Come fece ad assicurarsele?
«Con le privatizzazioni decise dal governo. Misi sul tavolo 85 milioni di corone e comprai subito il 55 per cento. Poi un altro 20. Il restante 25 era detenuto da 36.000 azionisti. Alla prima assemblea affittai lo stadio dell’hockey di Karlovy Vary: si presentarono in 30. Per quella successiva scelsi un cinema. Al terzo anno avevo capito: bastò il mio ufficio».
E li convinse a mollare l’osso.
«Doveva essere un giocattolo per la vecchiaia. La domenica, dopo pranzo, partivo in auto da Lugano e andavo a Karlovy Vary, più di 700 chilometri. Percorso inverso alle 16 del venerdì. Dieci anni di avanti e indrè. Gli impianti avevano buche del diametro di mezzo metro nel pavimento, piene d’acqua. Il personale lavorava in piedi sulle casse di legno per non bagnarsi le scarpe. Dallo stabilimento uscivano 30 milioni di bottiglie, come nel 1910, quando morì Mattoni».
E oggi?
«Siamo arrivati a 1,8 miliardi l’anno. Per festeggiare, ho fatto sagomare in alluminio 50 aquile, il simbolo di Mattoni 1873. Sculture alte come palazzi di cinque piani, piazzate sulle colline, a imitazione dei tori di Osborne in Spagna. Installata la prima, i dipendenti dello stabilimento di Kyselka, molto ossequiosi, come nello stile ceco, si sono rivolti a me dicendomi: “Illustre signor presidente, siamo lieti di annunciarle che da oggi lei ha il più grande uccello della Repubblica Ceca”. Non ho ancora capito se scherzavano o parlavano seriamente».

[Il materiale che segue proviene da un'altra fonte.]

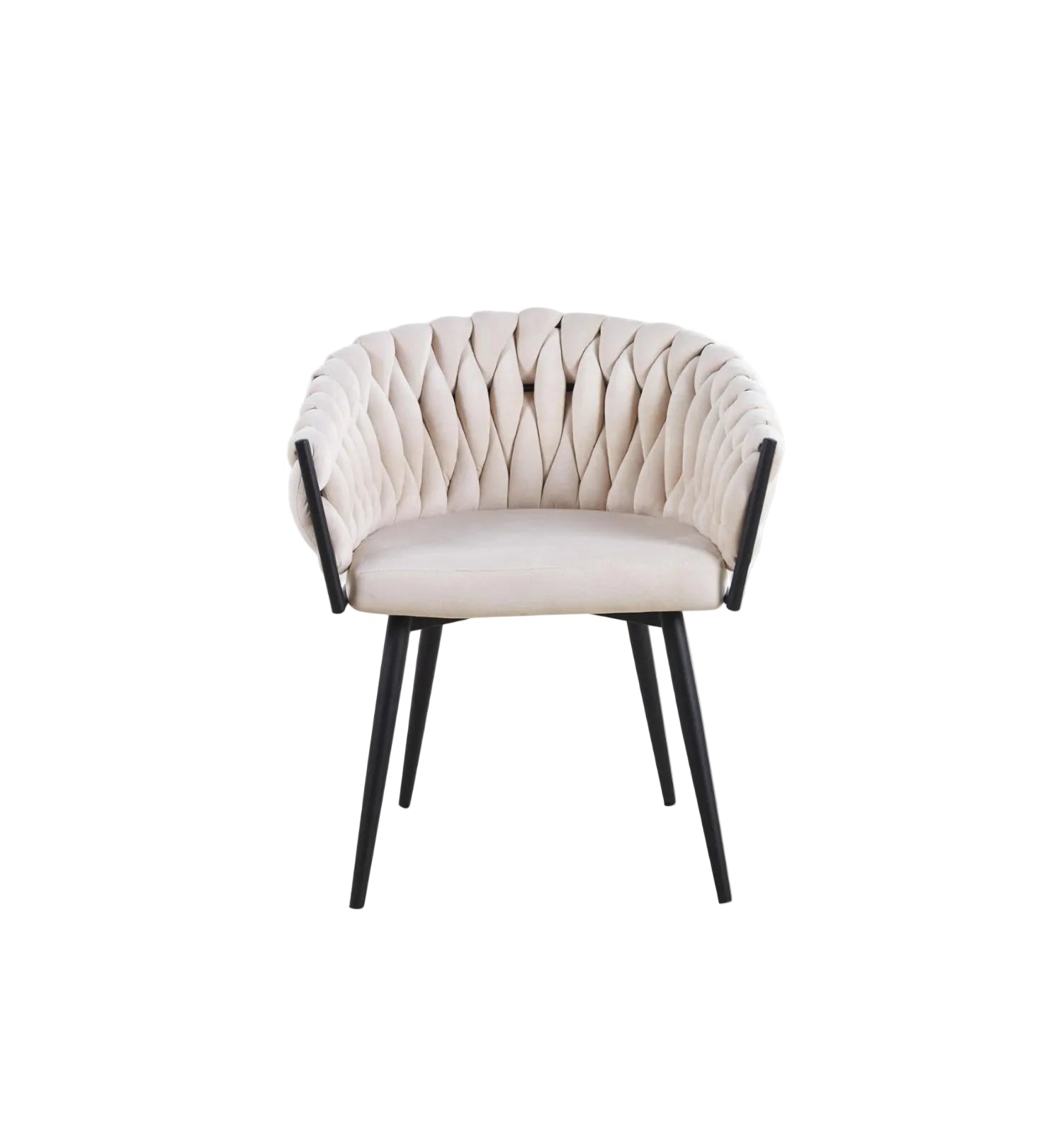 Chaise tressée avec accoudoirs - Velours beige et pieds métal noir REF 113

Oltre ai cechi, chi disseta?
«Siamo leader di mercato in Austria, Ungheria, Slovacchia, Serbia, Bulgaria e altri Paesi dell’Europa centrale e balcanica. Mio figlio s’è messo in testa di rifare l’Impero austroungarico delle acque».
Solo acque?
«In realtà, accanto alle minerali Mattoni 1873, Magnesia, Szentkirályi, Waldquelle e Knjaz Miloš, produciamo 56 etichette di succhi e tè. Ma imbottigliamo anche un’altra trentina di marchi, fra cui Pepsi, Perrier, Lipton, Schweppes, Lay’s, Gatorade, Mirinda, 7 Up».

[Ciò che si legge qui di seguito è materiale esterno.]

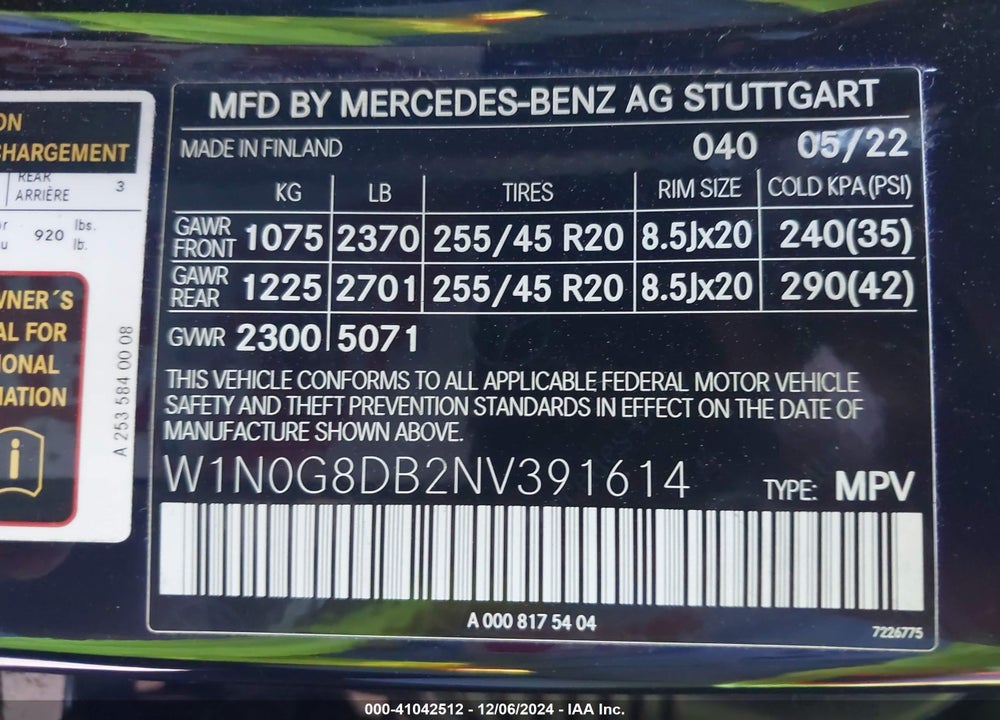 2022 MERCEDES-BENZ GLC 300 SUV VIN: W1N0G8DB2NV391614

Perché queste aziende scelgono voi?
«Usiamo solo contenitori in Pet, al 100 per cento riciclabili. In Slovacchia siamo stati i primi a introdurre lo stesso metodo del vetro cauzionato: paghiamo chi ci riporta il vuoto di plastica. Lo sa che una tonnellata di Pet usato vale 1.000 euro? Gli enti che curano la raccolta differenziata e i riciclatori che lo vendono all’industria automobilistica sono una lobby. La Cina spaccia per riciclato il Pet vergine perché ci guadagna di più. Una follia».
Ha mai pensato di ricomprarsi l’Acqua Vera, quando Nestlé l’ha ceduta?
«No, il passato è passato. Un po’ mi piange il cuore, perché il personale veneto è unico al mondo. Ma in Italia ci sono circa 300 fonti e 200 aziende imbottigliatrici. Che ci sarei tornato a fare?».